From God’s Hands to My Hands

Berfoto bersama sebelum menuju lokasi immersion

Dalam doa kuserukan, “jadikan aku perpanjangan tanganMu Tuhan.”
Tuhan pun berseru, “lakukanlah apa yang bisa kau perbuat dengan tanganmu!”

 

Day 1 – 12 April 2018
Hari yang dinantikan sekaligus aku cemaskan tiba juga hari ini. Tapi sejak dini hari di Pulo Nangka, tidurku tak nyenyak. Beberapa kali aku terbangun melihat jam dan merasa sudah tidur cukup lama, namun waktu berjalan sangat lambat. Mungkinkah aku tak bersabar untuk live in? Entahlah! Tak cukup ruang untuk menceritakan bagaimana perasaanku tentang ini.

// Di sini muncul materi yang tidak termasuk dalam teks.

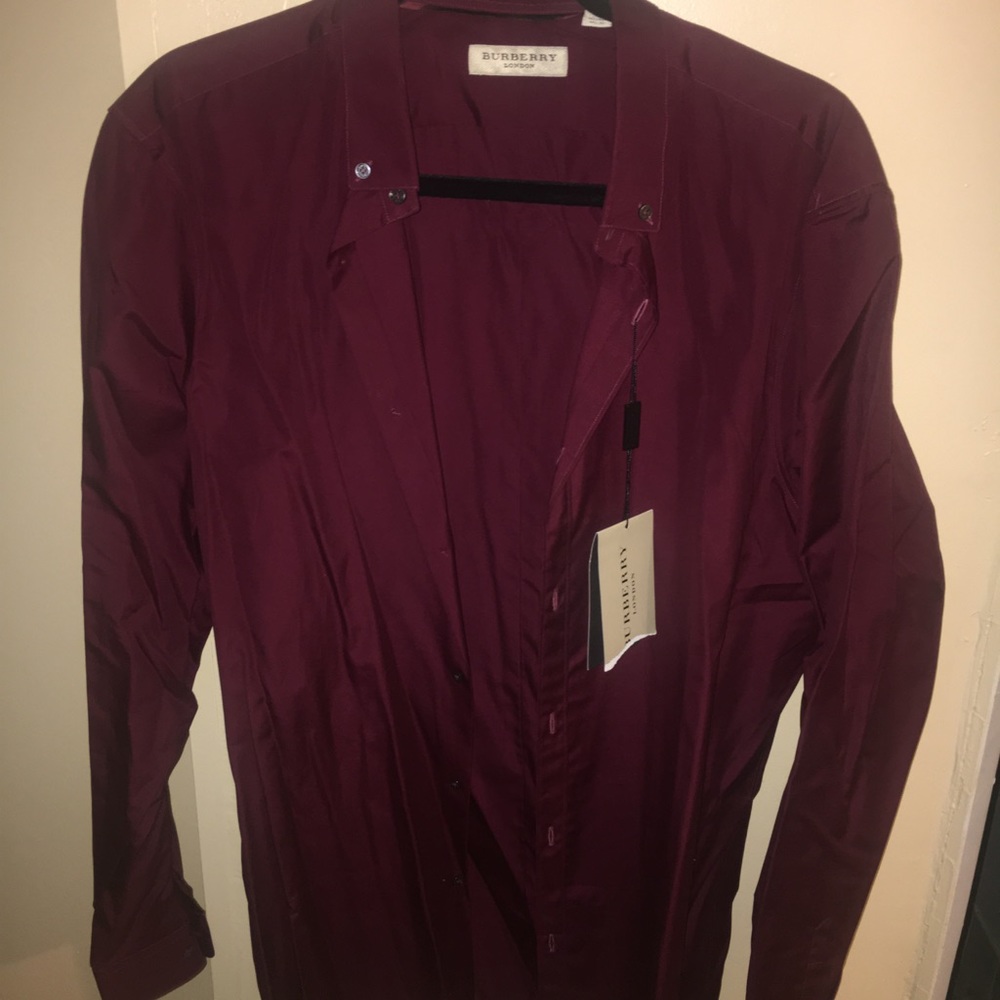 Burberry shirt size 161/2-42.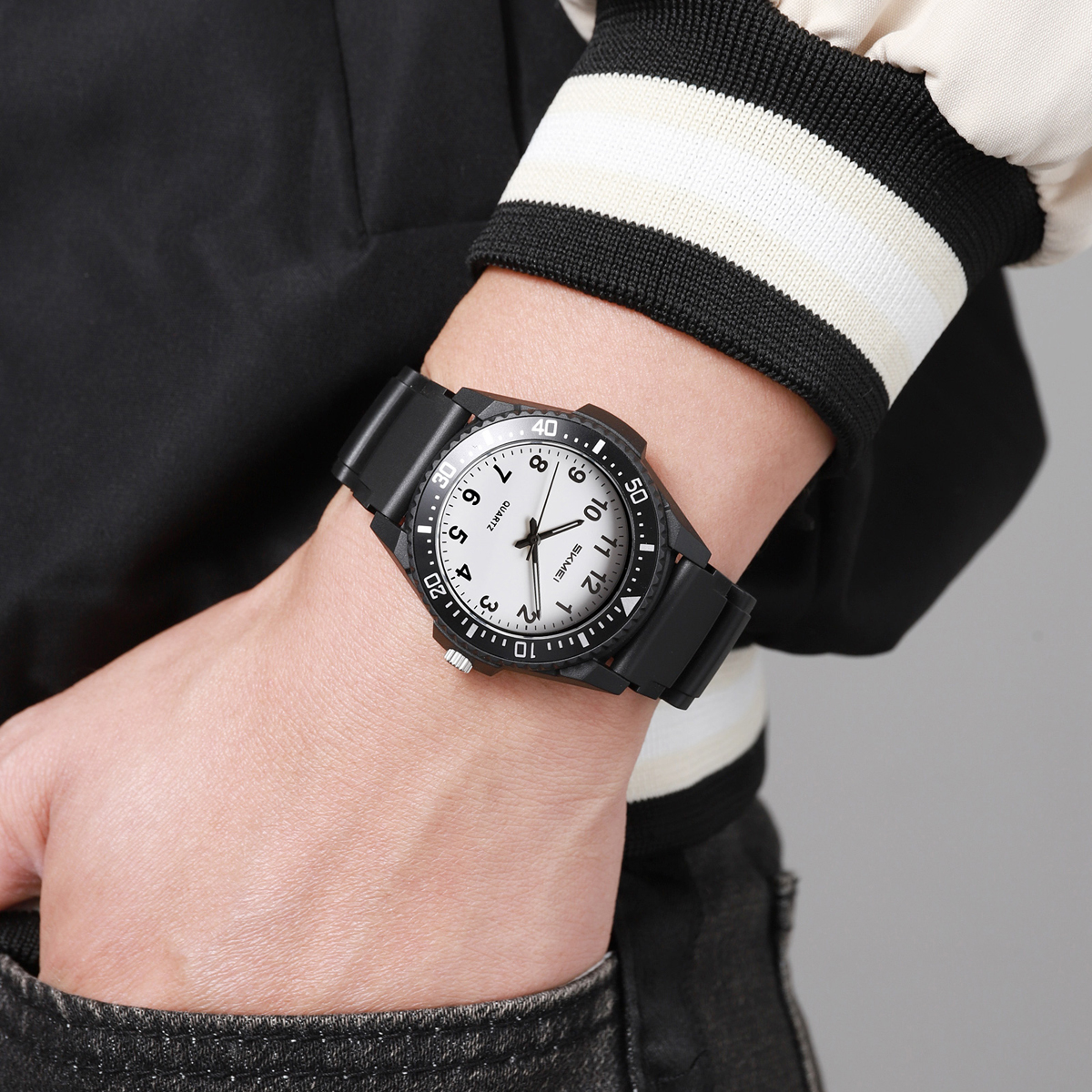 SKMEI Model 2622 Casual Style Quartz Watches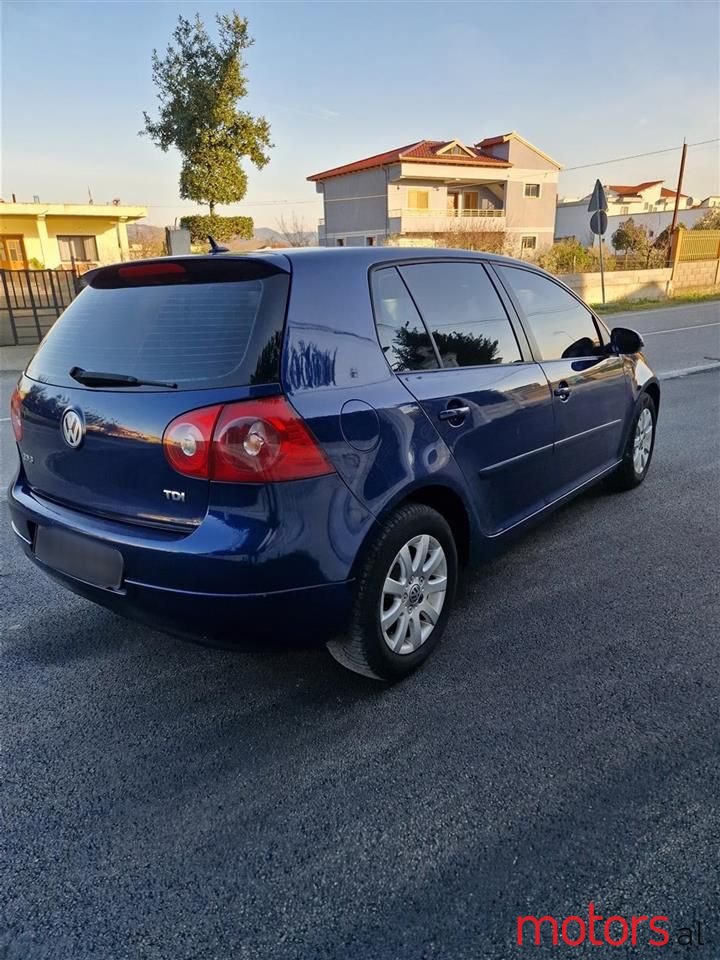 2006' Volkswagen Golf photo #5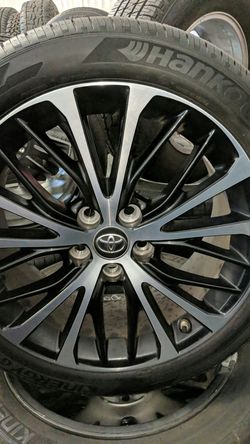 18 inch Toyota Wheel w/ Hankook Tires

Sampai tiba waktunya, aku mendapat tempat live in di Susteran Puteri Kasih – Cilincing bersama Tata dan Arya. Aku tak dapat membayangkan kondisi tempat di sana, tapi semoga saja segala ketakutanku tak terjadi.
Akhirnya kami tiba di Susteran Puteri Kasih dan bersiap diantar ke rumah Ibu Asuh masing-masing. Sebelum itu, terjadilah beberapa percakapan awal yang membuat hatiku bergejolak. Sebenarnya aku ingin melaut, namun sepertinya yang dibutuhkan adalah pria, maka Arya terpilih dengan Ibu Nurlela karena suaminya seorang pelaut. Sementara aku dan Tata, diundi lebih dulu tentang siapa yang lebih tahan banting, seharusnya mendapat Ibu Bania.
Aku berpikir dan berkata dalam hati, “hmm..menyiksakah atau?? Ah sudahlah, siapapun yang dapat, Tuhan tahu yang terbaik untukku.”


Jeng-jeng..*drumroll*

Ya, Tata mendapat Ibu Bania dan aku mendapat Ibu Casmi. Tak ada perasaan lega, sama saja.

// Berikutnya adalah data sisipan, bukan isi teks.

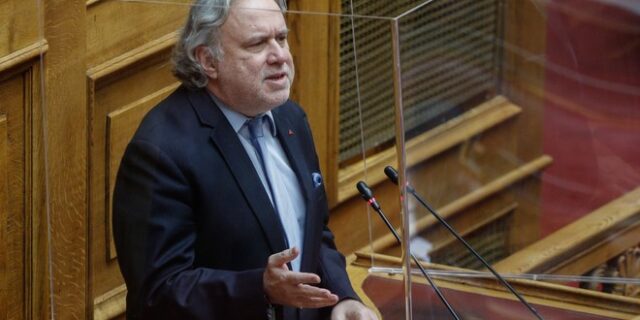 Κατρούγκαλος: “Να δοθούν στη δημοσιότητα τα δύο διαβήματα για τον Έβρο”
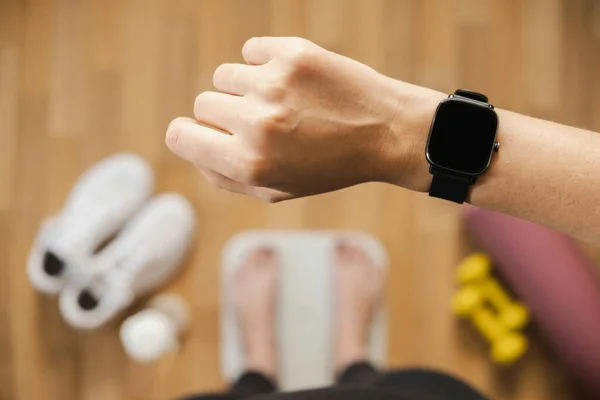 Looking Fitness Tracker While Standing Scales First Person View Smart — Stock Photo, Image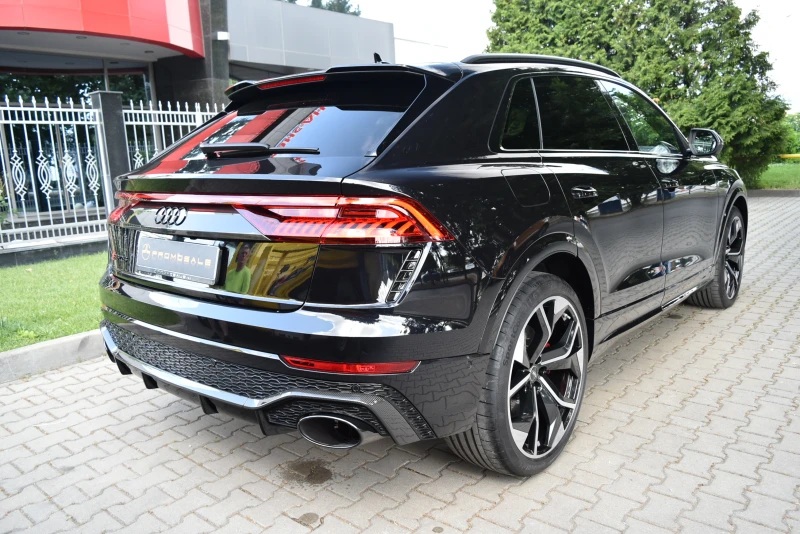 Audi RSQ8 * Ceramic* Carbon* Alcantara* 23* Pano* 360, снимка 4 - Автомобили и джипове - 47282854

Singkat cerita aku dan Arya diantar oleh Ibu Nurlela menuju rumahnya dan rumah Ibu Casmi. Melihat kondisi rumah Ibu Nurlela yang lumayan luas dan bersih, tadinya membuatku sedikit tenang. Tapi kenyataannya berbeda saat tiba di depan rumah Ibu Casmi. Rumah yang kecil dan kumuh. Aku langsung bergumam dalam hati, “kenapa aku ditempatkan di sini, Tuhan?”. Tapi satu hal yang kuyakini, Tuhan pasti punya rencana dan baik untukku.

Sapaan hangat Ibu Casmi yang sudah separuh baya itu, spontan membuatku langsung mendekat padanya. Aku pun dipersilahkan masuk ke dalam dengan badan sedikit membungkuk karena batas atap rumah yang rendah. Ibu memberikanku remote TV supaya aku bisa nyaman menonton TV, sementara di depan pintu rumah Ibu sambil memasak untuk makan siang. Ibu tak punya dapur, maka perlengkapan masak sekedarnya itu ada di depan rumah. Aku tak mungkin membiarkan Ibu memasak sendiri, memangnya tujuan live in-ku untuk santai-santai. Maka kuputuskan membantu Ibu dan merasakan proses memasak yang membuatku jadi enggan untuk makan. Bagaimana tidak, seluruh bahan makanan dicuci dengan air yang sepertinya kurang bersih, penggunaan penyedap rasa dan mecin yang sangat banyak serta yang lebih ekstrim lagi, nasi ditempatkan dalam wadah ember. “Ah, bagaimana bisa aku makan makanan ini”, pikirku. Tapi aku bisa merasakan bagaimana Ibu berusaha memberikan yang terbaik dengan tulus. Maka aku pun dengan rasa haru dan syukur, makan bersama Ibu.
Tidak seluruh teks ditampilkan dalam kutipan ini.